A segunda consequência procede da primeira. Precisamente porque as coisas estão como estão, não é a esquerda por si só que vai conseguir pôr estes demónios de volta na garrafa. A esquerda e a direita têm obrigação de falar com todos, mas não se pode garantir que outro campo nos oiça. É a direita que ainda não perdeu a bússola moral — seja ou não minoritária — que tem obrigação de denunciar e deslegitimar os autores da deriva no seu próprio campo político. Essa direita que ainda não perdeu a bússola moral deve salientar no seu próprio campo político que as defesas de Trump, Bolsonaro e Orbán já não têm nada a ver com a direita conservadora, liberal ou democrata-cristã democrata, passe o pleonasmo, mas que neste momento são puro reacionarismo agressivo à maneira de finais do século XIX e princípios do XX, quando não é pior.
A terceira consequência é que, por mais que haja quem na direita queira navegar nas vagas do trumpismo e do bolsonarismo acreditando que isso lhes trará sucessos eleitorais e políticos, a verdade é que atrás de tempos vêm tempos. Os pequenos imitadores de ditador hão-de ir na voragem do tempo e da sua loucura mais tarde ou mais cedo, e arrastar na queda todos os que os apoiaram ou justificaram.
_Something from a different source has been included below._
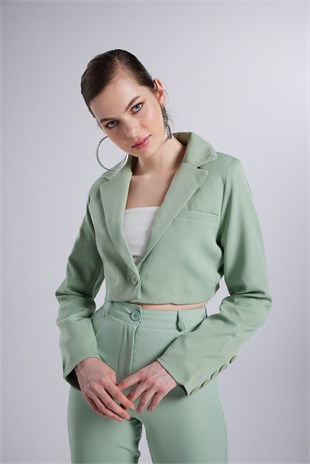 Vatkalı Atlas Kumaş Crop Model Panky Ceket Yeşil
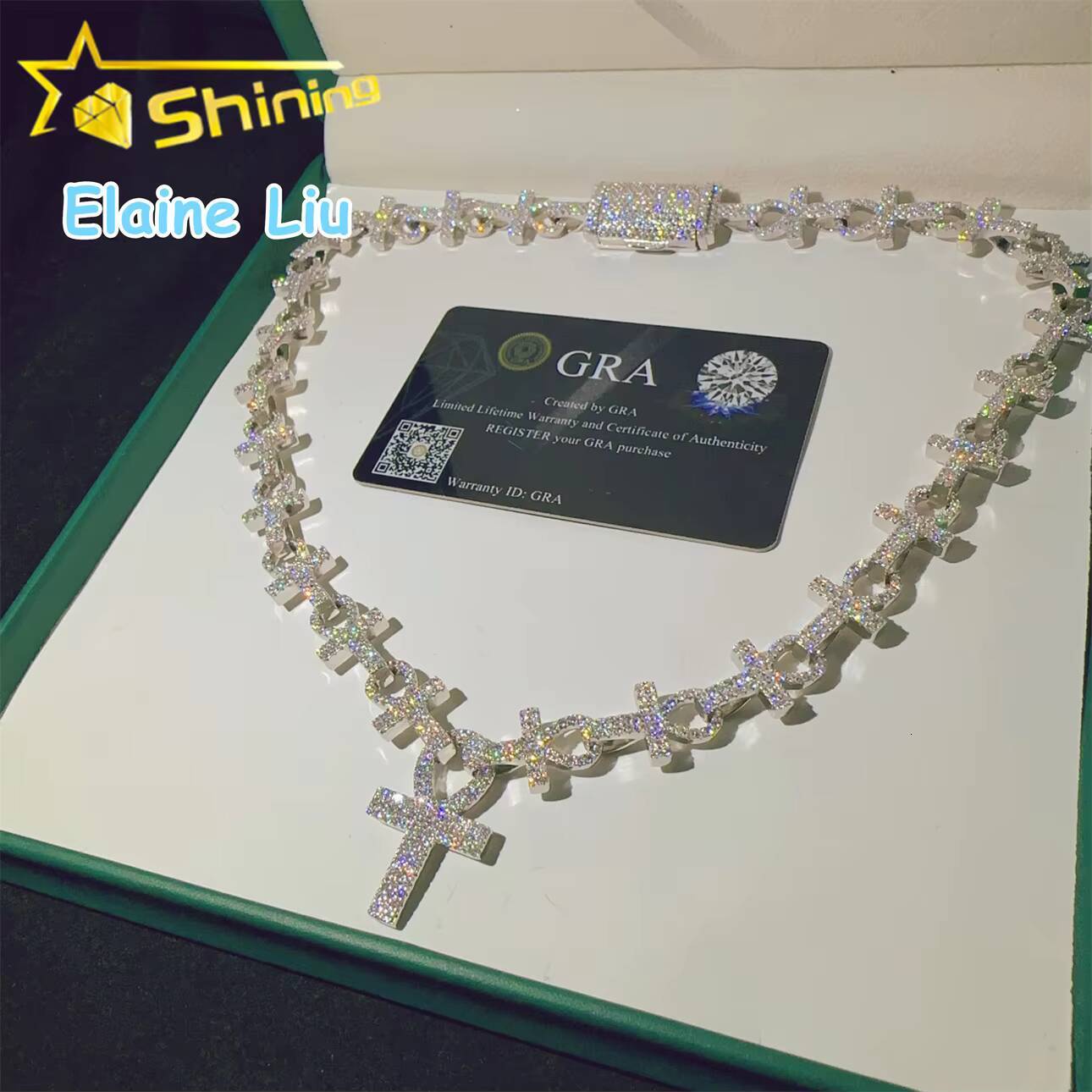 VVS Moissanite Diamond Miami Cuban Necklace 13mm Hip Hop Jewelry Sterling Silver 925 Cuban Link Chain Necklace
Talvez só quando isso acontecer a direita compreenda que se foi afastando do senso comum moral e que não fez o trabalho de casa de acompanhar a evolução da sociedade e do mundo. Quando isso acontecer, não venham dizer que a culpa foi da esquerda.
O autor escreve segundo o novo Acordo Ortográfico
N.D.: Um erro de edição levou a que este artigo de Rui Tavares tivesse sido originalmente publicado com um parágrafo truncado, situação que já corrigimos. Ao autor e aos leitores, as nossas desculpas.